2.既往の環境影響評価書の公表と、より精密な環境影響評価の実施を!
私たちは2012年8月23日に東京都オリンピック招致委員会事務局(以下「都事務局」という)と都知事あてに要望書を提出して以来、都事務局と数回の交渉を持ち、私たちの見解と思いを伝えてまいりました。その中で観覧席が常設から仮設に変更されるなどの修正はあったものの、国際オリンピック委員会(以下IOCという)に立候補ファイルと共に提出された環境影響評価書(葛西臨海公園に関する部分)について都事務局は公表を拒み、「野鳥の会と対立関係にはなりたくない」と言いつつも計画の見直しには一切言及がありませんでした。

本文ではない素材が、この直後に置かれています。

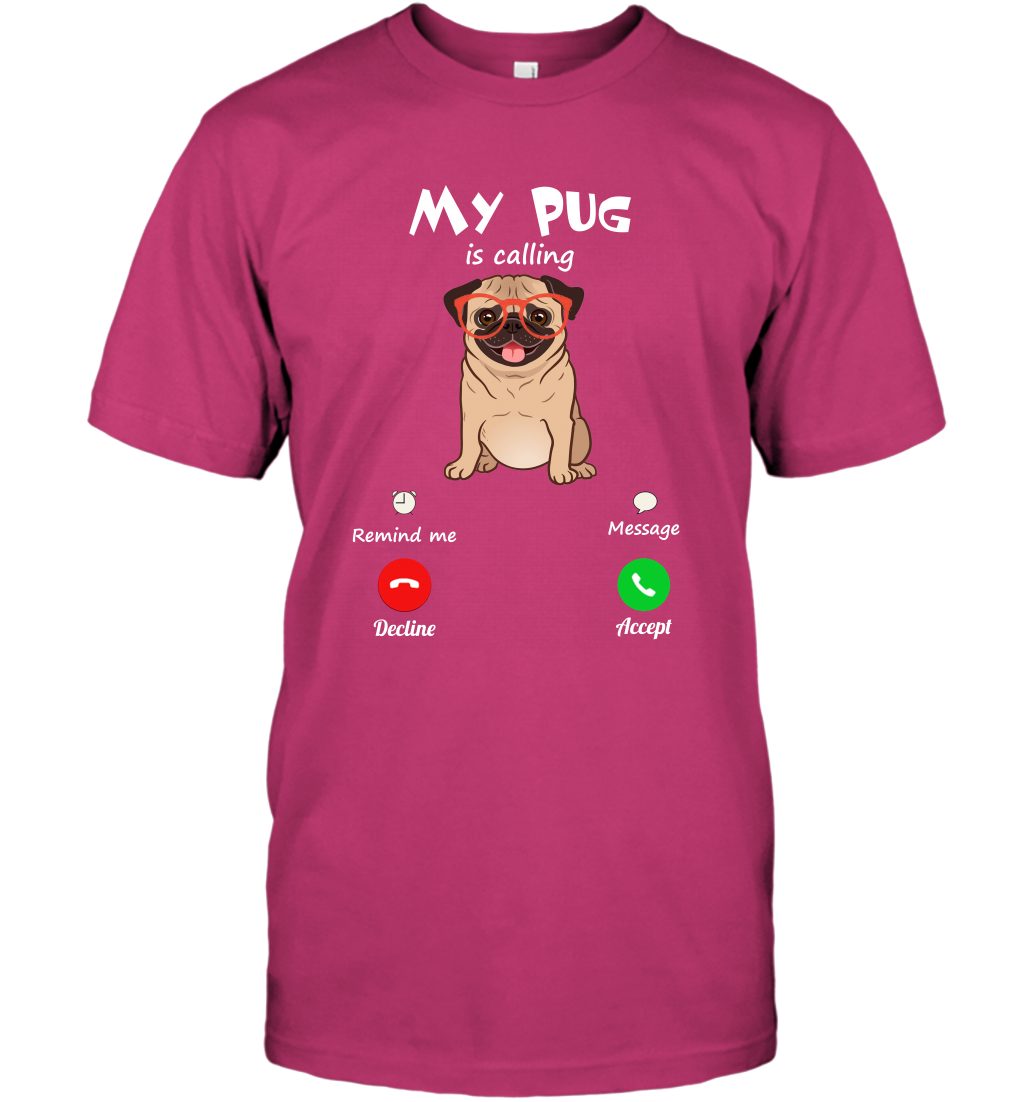 My Pug Is Calling Dog Shirt T-Shirt T-Shirt Heliconia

開催地が東京に決まった今こそ都事務局は提出済みの環境影響評価書を公表すべきであり、計画の中身を知らない地元住民や多くの都民に知らせる義務があると考えます。また、IOCが2013年6月に示した各立候補都市に関する評価書においてadditional commentsとして指摘したように、葛西臨海公園及びその周辺に関するより精密な環境影響評価を実施する必要があると考えます。
3.代替候補地の選定とそれに関する環境影響評価の実施を強く求めます
葛西臨海公園の見過ごすことのできない環境破壊を避ける抜本的な方法として、代替候補地数カ所の選定及び代替候補地に関する環境影響評価を速やかに実施し、新たな計画地の検討に着手することが何よりも重要であると私たちは考えます。
以上の様な立場で今後の交渉に臨みますが、都事務局の適切な対応が見られない場合には、再度IOCへの要請・要望等も行いたいと思います。
4.全ての住民や関係者が歓迎するオリンピック実現を!
今、私たちの運動に支持を寄せてくださる団体が120を超えました(9/6現在)。地元江戸川区の住民の皆さんや今回の問題に関心を寄せてくださった環境保護団体・市民団体の皆さんに心から感謝すると共に、都心に残る数少ない貴重な緑のオアシスを次世代に残すべく、要望が実現するまでさまざまな対応を協議し実践して参ります。東京オリンピックがすべての関係者から歓迎されるイベントとして開催されますように、今後とも多くの国民の皆様・マスメディア・関係各位のご理解とご協力を切にお願い致します。